• Exercise
Omitting all images, transcribe the entries word for word.

[Short text fragments from websites]
★ ★ ★ ★ ★
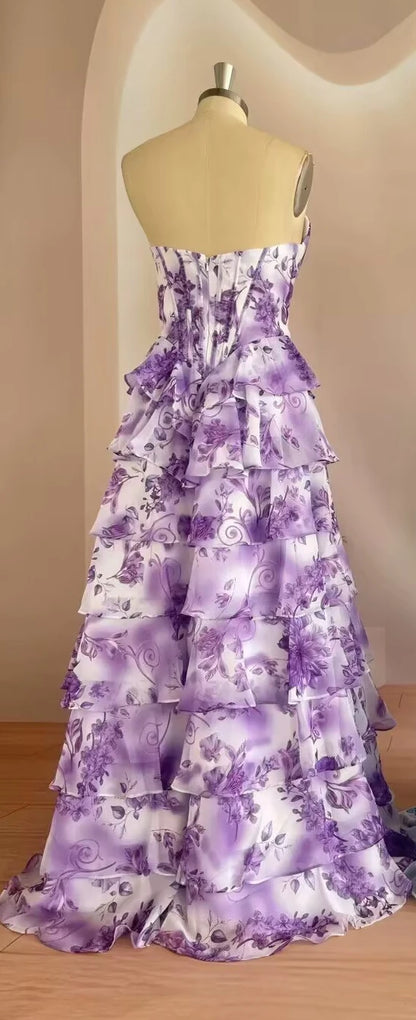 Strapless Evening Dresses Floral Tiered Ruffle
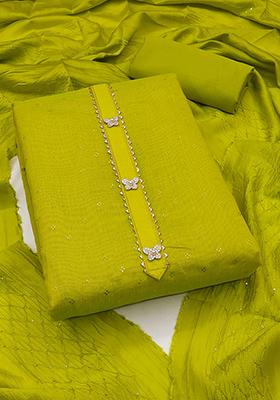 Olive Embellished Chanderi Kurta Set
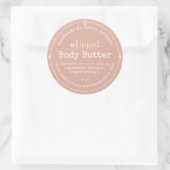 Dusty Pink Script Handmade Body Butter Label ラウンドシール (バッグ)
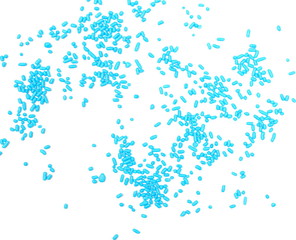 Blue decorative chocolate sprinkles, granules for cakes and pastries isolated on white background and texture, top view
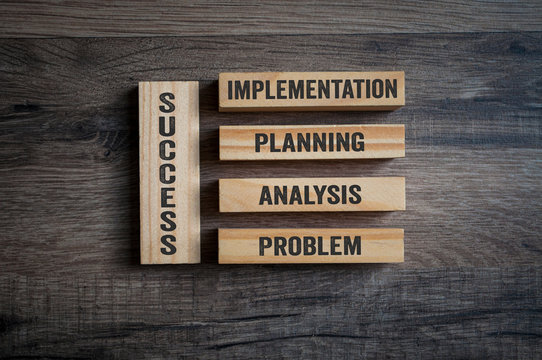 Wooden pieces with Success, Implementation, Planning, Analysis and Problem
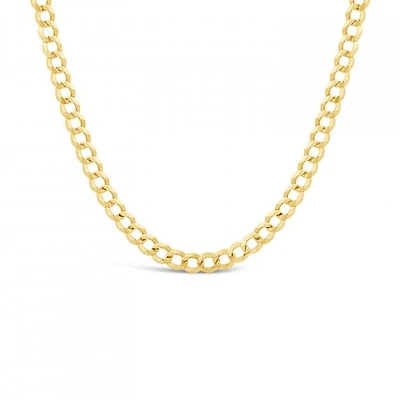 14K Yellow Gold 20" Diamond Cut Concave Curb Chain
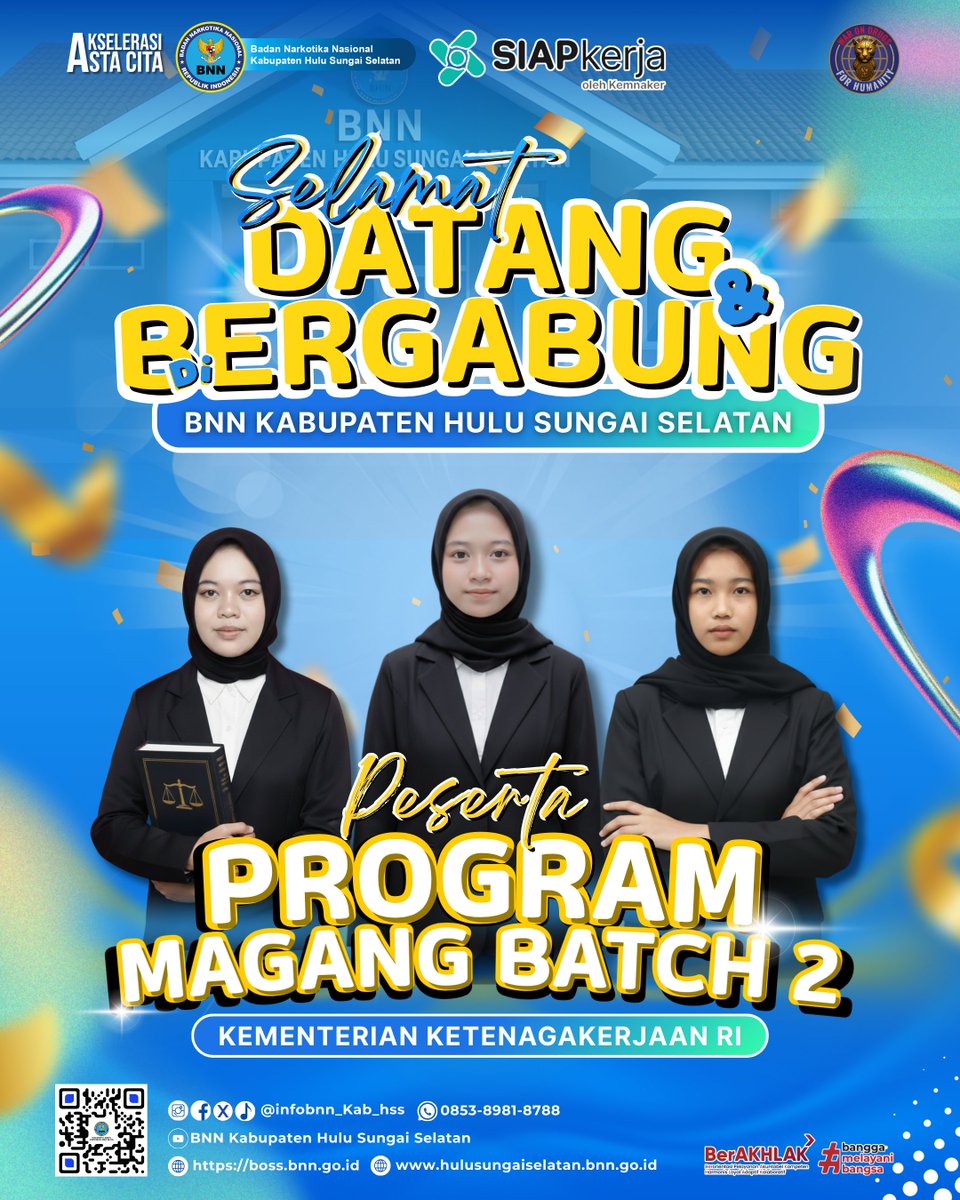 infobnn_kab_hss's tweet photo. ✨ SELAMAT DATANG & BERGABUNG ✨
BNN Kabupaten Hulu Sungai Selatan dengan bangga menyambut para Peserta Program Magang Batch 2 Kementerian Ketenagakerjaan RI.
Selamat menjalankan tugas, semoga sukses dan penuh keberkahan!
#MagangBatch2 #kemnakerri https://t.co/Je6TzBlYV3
★ ★ ★ ★ ★
• Answer section
 Strapless Evening Dresses Floral Tiered Ruffle
 Olive Embellished Chanderi Kurta Set
 Dusty Pink Script Handmade Body Butter Label ラウンドシール (バッグ)
 Blue decorative chocolate sprinkles, granules for cakes and pastries isolated on white background and texture, top view
 Wooden pieces with Success, Implementation, Planning, Analysis and Problem
 14K Yellow Gold 20" Diamond Cut Concave Curb Chain
 infobnn_kab_hss's tweet photo. ✨ SELAMAT DATANG & BERGABUNG ✨
BNN Kabupaten Hulu Sungai Selatan dengan bangga menyambut para Peserta Program Magang Batch 2 Kementerian Ketenagakerjaan RI.
Selamat menjalankan tugas, semoga sukses dan penuh keberkahan!
#MagangBatch2 #kemnakerri https://t.co/Je6TzBlYV3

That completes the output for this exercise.